How did you come up with the title "The Road to the Promised Land"?
It was based on an expression that was originally used by Clive Tyldesley when Manchester United won the UEFA Champions League in 1999 on 2 late goals to turn the result around. However when looking back, the Promised Land probably meant more than just the Champions League. It also came after United won both the Premier League (named Premiership back then) and the FA Cup to complete the historic treble. For English teams, winning the treble (the 3 big trophies) is regarded as the impossible dream for an English club because of particular demands of the English schedule - matches played on Boxing Day and New Year's Day, high-intensity single elimination matches (with replays set ~10 days later if a match is tied) in the FA Cup, matches in the league that are re-scheduled because of the FA Cup, etc. It's about playing very intense winner-takes-all matches on 3 different fronts, mainly in the second half of the season.
I could have dubbed the story as "The Impossible Dream", but that would be more appropriate in a context of a World Cup scenario where Kakeru and Japan are involved. Not saying that I will write something on it though.
Given how many different stadiums you've included, is TRttPL going to be some kind of "tour" around Europe?
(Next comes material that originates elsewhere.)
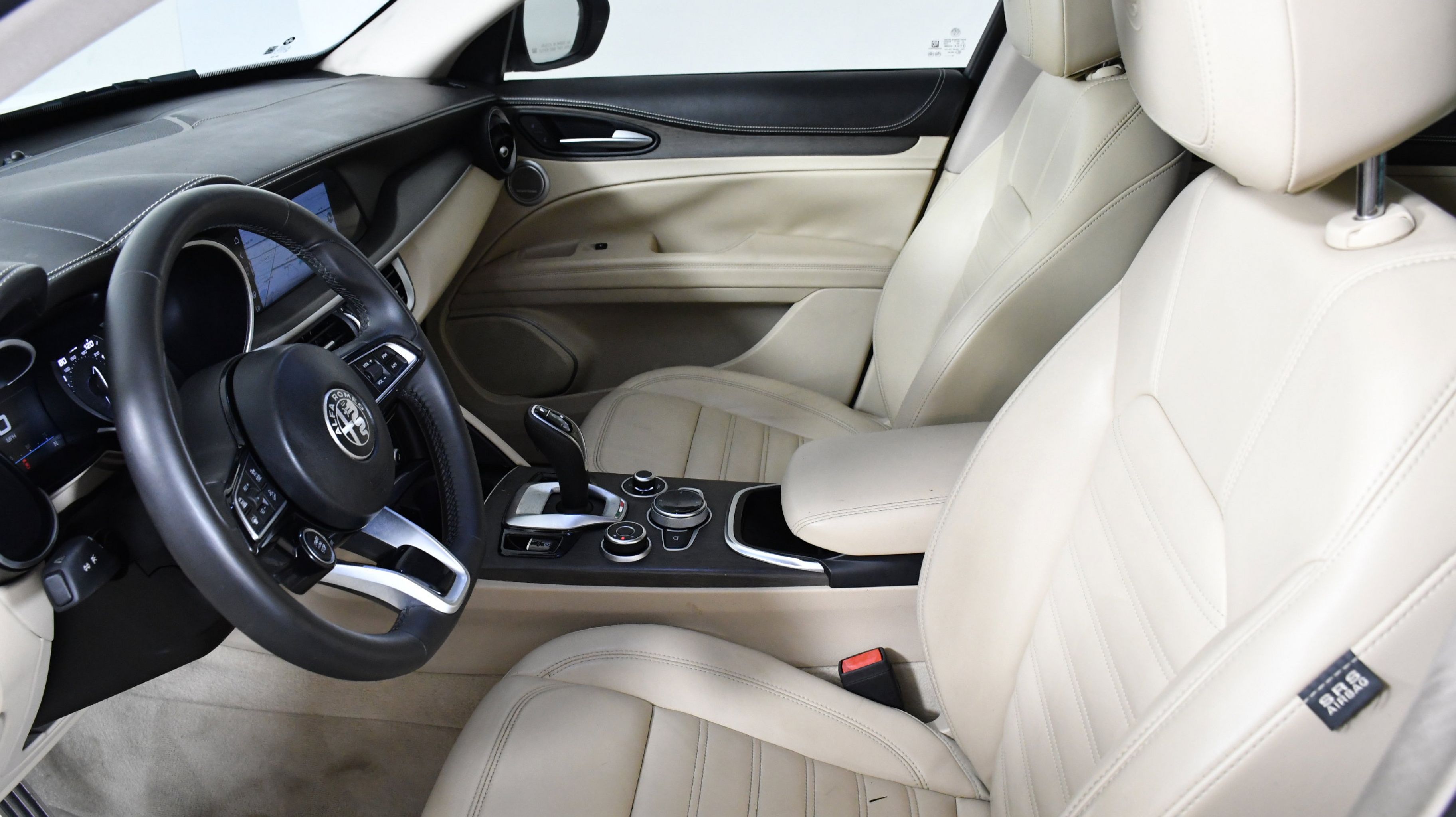 2020 Alfa Romeo Stelvio Ti photo 15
As indicated in the epilogue of Dream or Premonition, United won the Premier League and thus are qualified for the Champions League. UEFA is the administrative body that covers soccer in all of Europe, so it's possible for clubs from Russia or Israel (East) can square off against a team from England or Portugal (West) depending of the draw at the most.
In normal time, a top English team would play in at least 4 separate and different competitions: the Premier League (or English championship), the UEFA Champions League, the FA Cup and the less prestigious League Cup (of which I will write a quick surprise elimination of United).
Premier League: The Premier League is a corporation in which the 20 member clubs act as shareholders. Seasons run from August to May, with teams playing 38 matches each, totalling 380 matches in the season. Most games are played in the afternoons of Saturdays and Sundays, the other games during weekday evenings.
UEFA Champions League: In its present format, the UEFA Champions League begins in mid-July with three knockout qualifying rounds and a play-off round. The 10 surviving teams enter the group stage, joining 22 other teams qualified in advance. The 32 teams are drawn into eight groups of four teams and play each other in a double round-robin system (home and away, between September and December). The eight group winners and eight runners-up proceed to the knockout phase that culminates with the final match in May. While Champions League matches are usually played on Tuesdays and Wednesdays, the final is now played on a Saturday.
FA Cup: The competition is a knockout tournament with pairings for each round drawn at random. There are no seeds and the draw for each round is not made until after the scheduled dates for the previous round. The draw also determines which teams will play at home. Teams from the Premier League and Football League Championship enter at the Third Round Proper, at which point there are 64 teams remaining in the competition (Early January). The semi-finals (Seventh Round Proper) and the final are now played in Wembley.
I made the count: for an English team to aspire winning the treble (Premier League, FA Cup, Champions League), they must play at least 57 games - a number that favors teams with the best levels of squad depth. The 2006-07 season is my inspiration in terms of what the schedule looks like for United. I will only write the matches that are important for various reasons - quality of the opposition, elimination matches, commemorating events, etc.